Most hacked websites we fix never had a chance from the beginning; those that did have protection didn’t have a proper understanding of security. Instead, a website design would install a security plugin in the hope that it would mitigate any security breaches, and that’s all they had to do to satisfy any security requirements.
A typical security routine would be to have one security plugin (usually a free one) and the admin login URL hidden or obscured. PHP blocked from the wp-content folders and some routine malware checks.
What most people fail to check when launching a new website its too:
1) look for previously hidden folders used by hackers
2) check the domain reputation
3) do form auditing
4) check for content plagiarism
5) check that search engines are not caching the old website sitemaps
6) search for broken links
There are over 100 different tasks that you should do when putting a website live, and most people only do a few of them.
Typically, this is why the task only appears as a single line entry on your invoice.
Some argue that some of these get covered by SEO, and others suggest your hosting provider covers these.
Don’t assume that they are because what if they aren’t?
Many assumptions get made in this undervalued and misunderstood task.
Of the list of tasks, some guides help individual circumstances. Still, unless you have experience in them, it’s too much info and not enough correct guidance, so most professionals will not do it correctly, not from lack of trying but more a lack of experience.
It requires a cross over of skill sets:
- Website Security
- Domain management
- Hosting management
- Server management
- Website development
- Web server configuration
- PHP configuration
- SEO
- Reputation management
You don’t need to be an expert across all disciplines, an understanding of just some specifics of each in relevance to deploying a new website.
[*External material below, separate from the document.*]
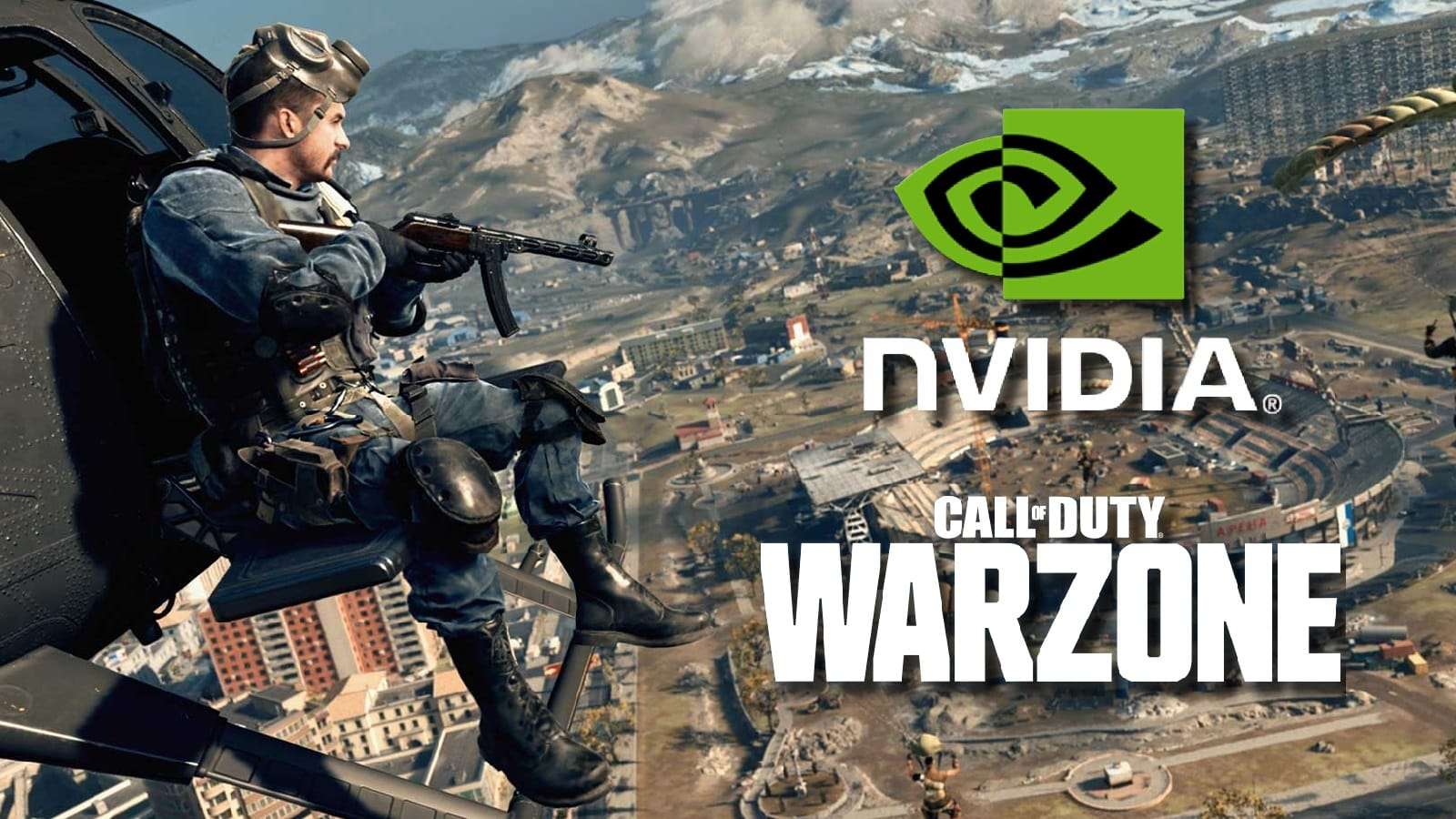 Warzone Season 3 NVIDIA Filters With Logos Shadowed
This week one website I had a look at had a domain that sends mail to the wrong mail server most of the time and the right mail server occasionally.
The fault had gone undiagnosed, and it was a straightforward fix.
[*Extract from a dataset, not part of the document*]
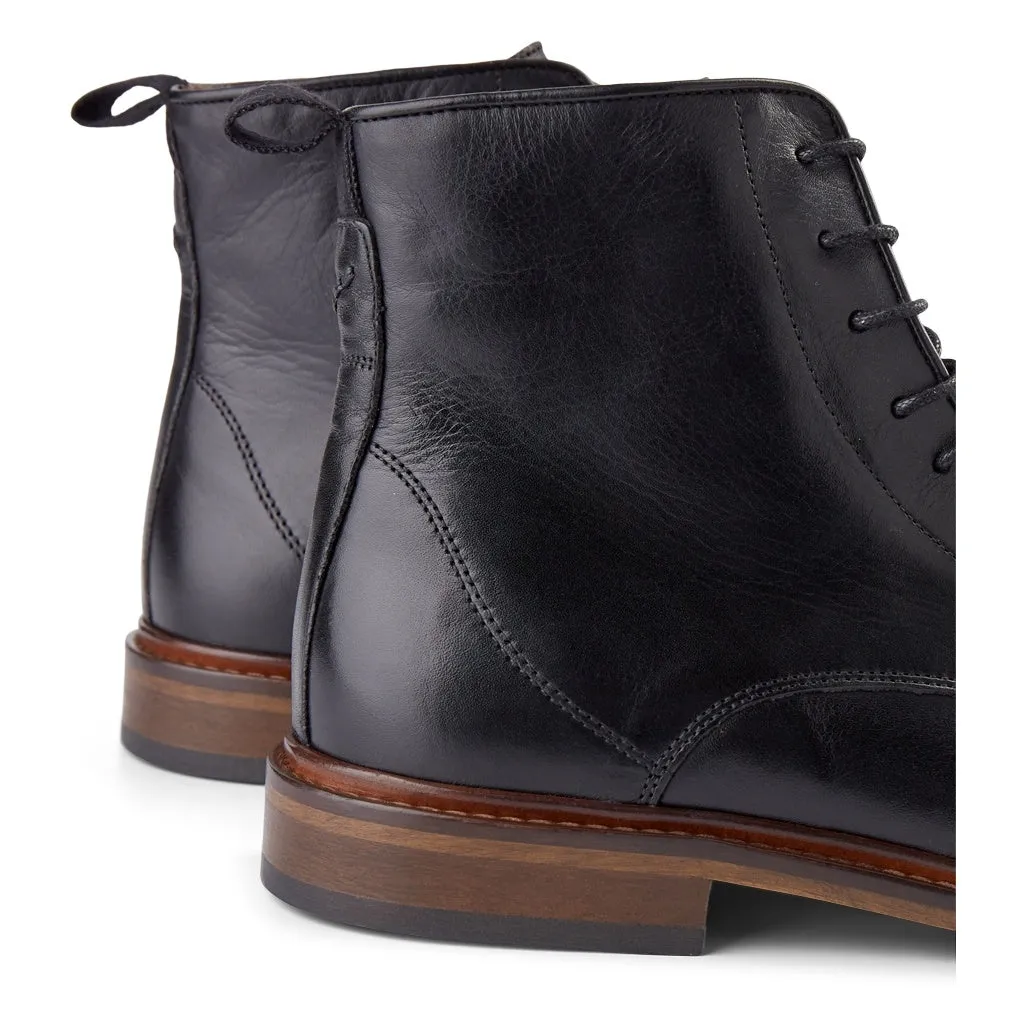 Ned boot leather - BLACK sold by Shoe The Bear product image thumbnail 5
Another common issue we see is the practice of website designers putting websites live but leaving the hackers content behind.
The new site looks great but will be blacklisted for many years to come due to the list they’re on. No one realised you have to fix the reputation before launch and assumed launching did that automatically.
Some argue that if you’re doing paid ads this isn’t important but what if it is and you don’t realise it?
Spoiler alert, these tasks are critical and will help prevent your website from being hacked or slowing down over time.